Hank, what is so technically difficult about nuclear waste that the experts have to work hard? This isn’t to say that all the t’s have been crossed and i’s dotted on Yucca Mountain, or the French plan, but are the biggest difficulties technical or societal?
Edward Greisch posts:
[[Solar & wind alternatives are neither adequate nor available at night when there is no wind nor environmentally sound. See:]]
The wind stops blowing at night???
Edward Greisch reposts the old chestnut:
[[Natural background radiation is 1000 times what you get from a nuclear power plant ]]
This is true only for plants in “normal operation.” In practice, every nuclear plant in the world has “unplanned releases” from time to time, some of them newsworthy, but all reported.
Jim, thank you for the signal analysis and prediction in 89. To my naive eye, it looks like the curve in the ’00s departs significantly from the linear downward trend of the previous decades. The dynamics seem to have changed around 1999, with a new higher frequency component. If I were to pick a tipping point year, I’d call it around 2002 — that’s when it all seems to start going south.
Can you post a sketch for me of what your recovery curve looks like? Is there a particular reason why you suspect September 2007/8 to be the inflection point?
Karen Street wrote:
A report along those lines was already produced four years ago.

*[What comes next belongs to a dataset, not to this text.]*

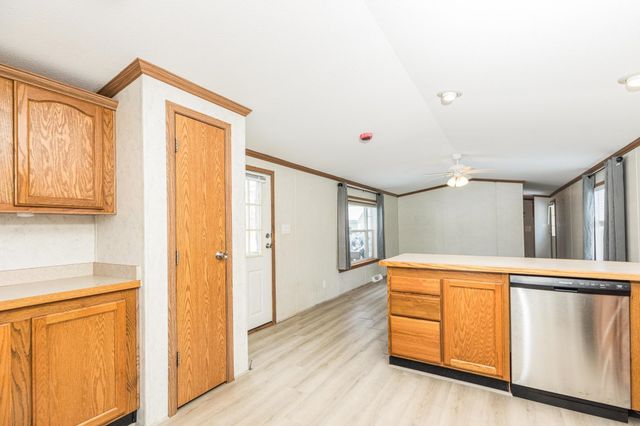 27 Melrose Drive, Rochester, NH 03868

In July 2003, a team of researchers from MIT and Harvard published a report entitled The Future of Nuclear Power which advocated an expansion of nuclear electricity generation as part of the overall approach to reducing carbon emissions.

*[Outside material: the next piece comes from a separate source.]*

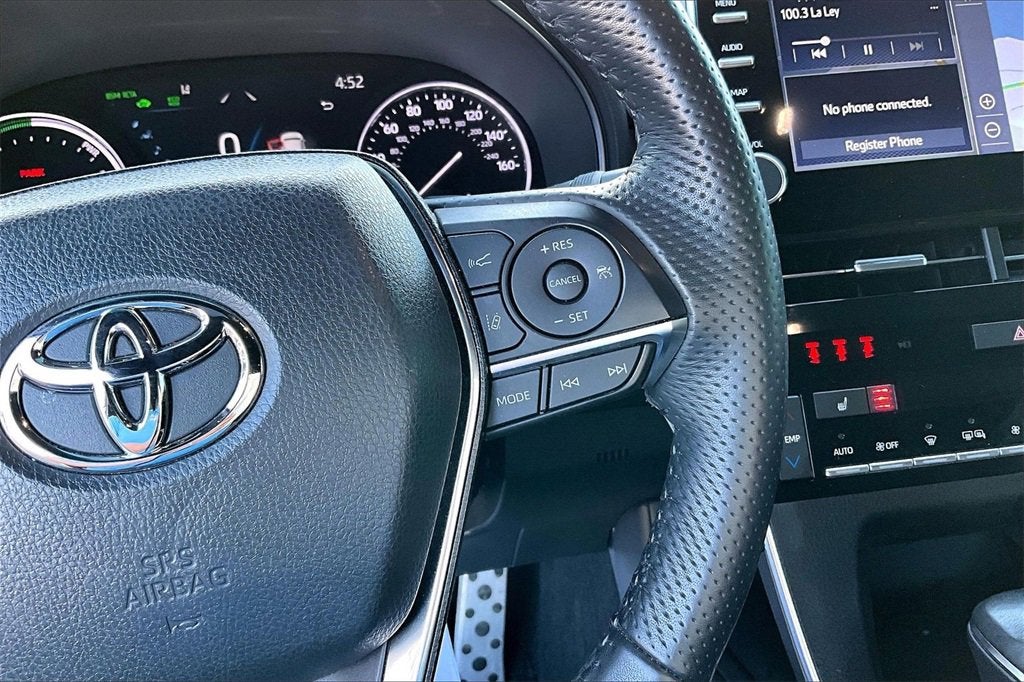 2021 Toyota Avalon Hybrid XSE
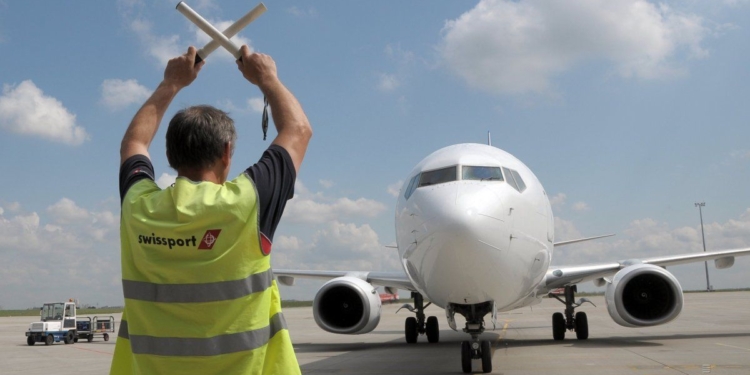 Омелян назвал новый срок подписания договора об «открытом небе» с Евросоюзом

The report looked at a scenario under which worldwide nuclear electricity generation would be approximately tripled from current levels by 2050, eg. by deploying 1000 new 1000 MWe reactors, thereby keeping nuclear’s share of electricity generation approximately constant (actually, increasing it from 17 percent to 19 percent), which the report said would “displace a significant amount of carbon-emitting fossil fuel generation”, approximately 1,800 million tonnes if all the displaced generatin was coal-fired.

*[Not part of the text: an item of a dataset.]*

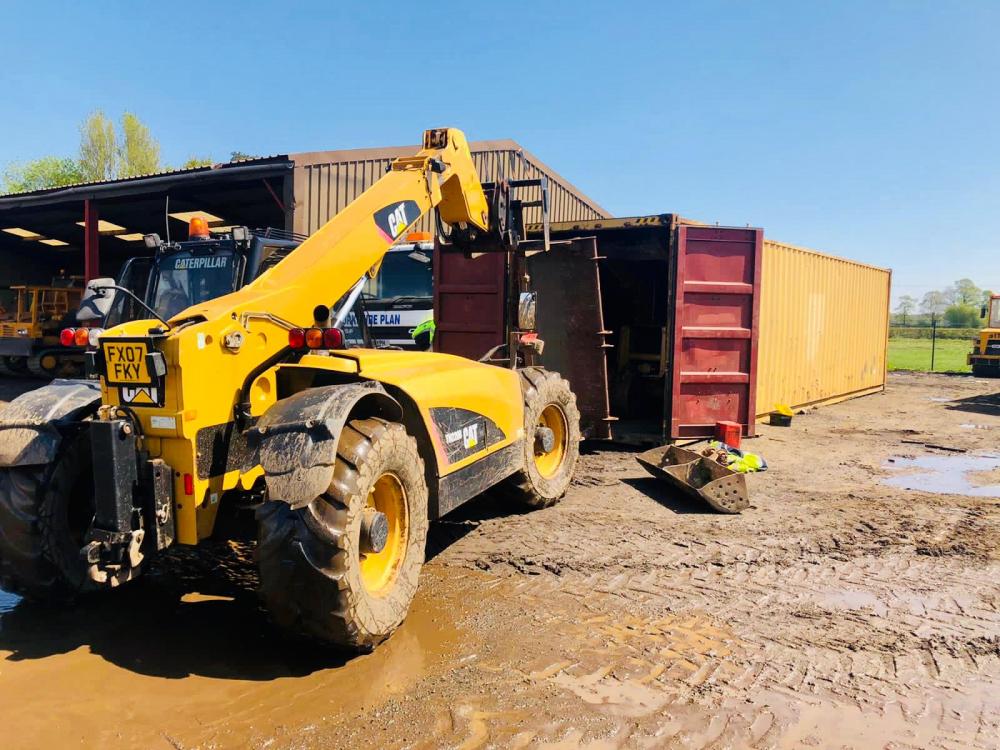 JCB 4CX BACKHOE & JCB 3CX BACKHOE GETTING LOADED INTO CONTAINER FOR EXPORT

The report identified four key “unresolved problems” as obstacles to an expansion of nuclear power:
These sobering observations — in a report that recommends a threefold expansion of nuclear electricity generation — are in contrast to the comments of too many nuclear proponents who tend to dismiss concerns about nuclear power as the emotional imaginings of anti-nuclear zealots. The problems are real and the concerns are well-founded.
#87
No he means a coal plant produces more air-borne radiation than a nuclear plant but background radiation dwarfs both. The real radiation issue is about the liquid and solid waste though. However some reactor designs can burn the waste so that issue should die off. But since Uranium is rather scarcer than coal, it’s likely we’ll soon need to use Thorium fuel. Perhaps even Greenpeace might eventually accept Thorium, since it seems quite harmless stuff.